Malgré ces conditions précaires, la jeune École de Dessin et de Modelage d’Ixelles connaît d’emblée le succès. Elle compte 138 élèves pour l’ année scolaire 1863-1864 et, à l’issue du premier concours, Guillaume Geefs, statuaire du Roi et membre du jury, tient à faire acter au procès-verbal, qu’il a été « très satisfait des résultats obtenus en aussi peu de temps. » A la suite de ce rapport élogieux, le Gouvernement accorde à 1’Ecole quatre médailles royales et Charles Rogier, en personne, honore de sa visite 1’exposition des travaux d’élèves. Quant à Monseigneur le duc d’Arenberg, il fait don à l’ institution d’une somptueuse collection de plâtres d’après des œuvres antiques, qui décorait son hôtel du Petit-Sablon.
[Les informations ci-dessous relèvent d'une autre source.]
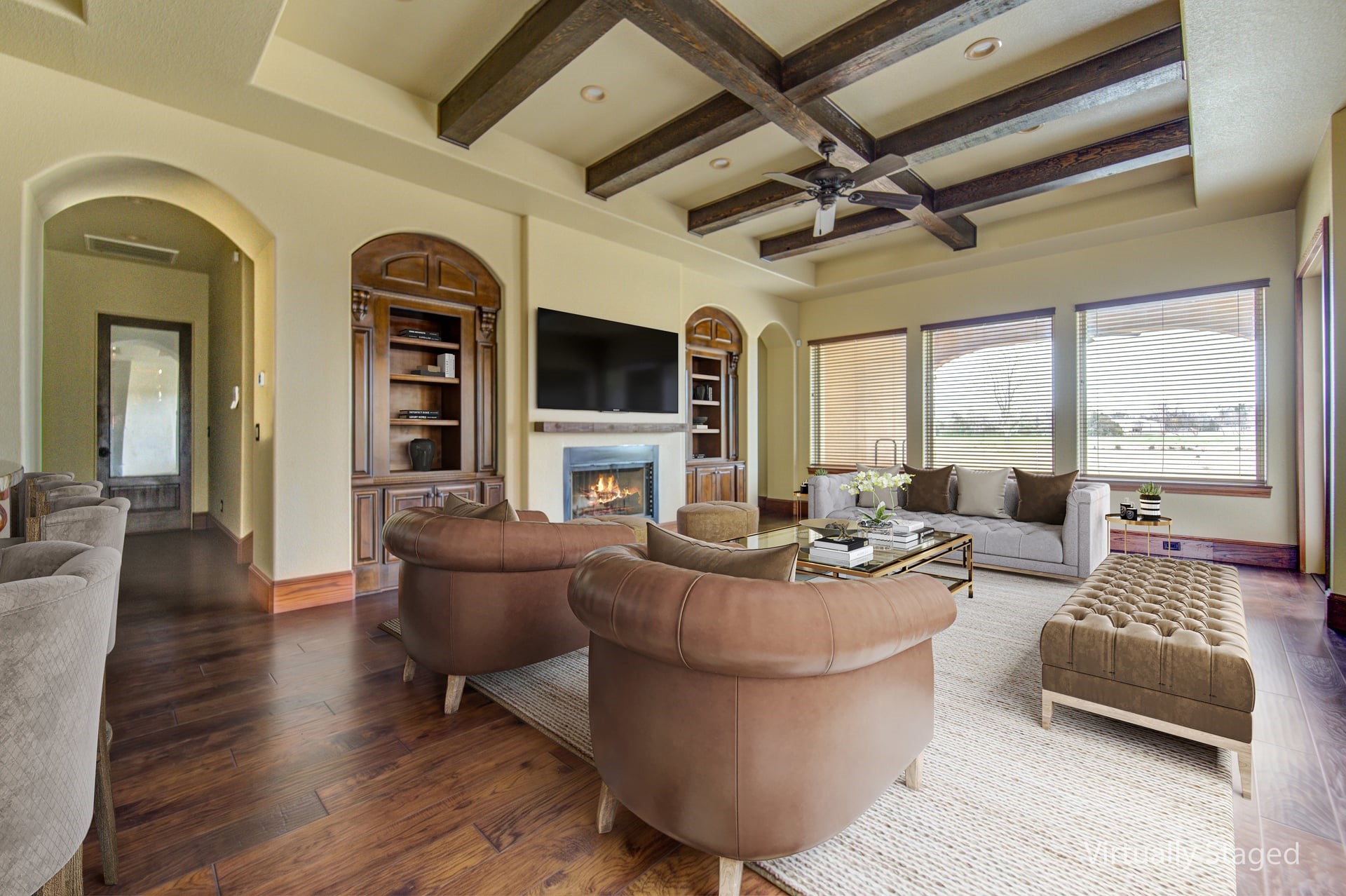 a living room with fireplace furniture and a large window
En 1866, l’architecte Beyaert est membre du jury. Il crée bien des remous en insistant pour que tous les élèves puissent assister à des cours de dessin d’après modèle vivant … Suggestion audacieuse qui, finalement, sera rejetée. Moins contestée, sera, la même année, l’attribution d’un prix de dessin au jeune Léopold Delbove qui, dans l’insouciance de ses 17 ans, ignore qu’il sera un jour échevin d’Ixelles.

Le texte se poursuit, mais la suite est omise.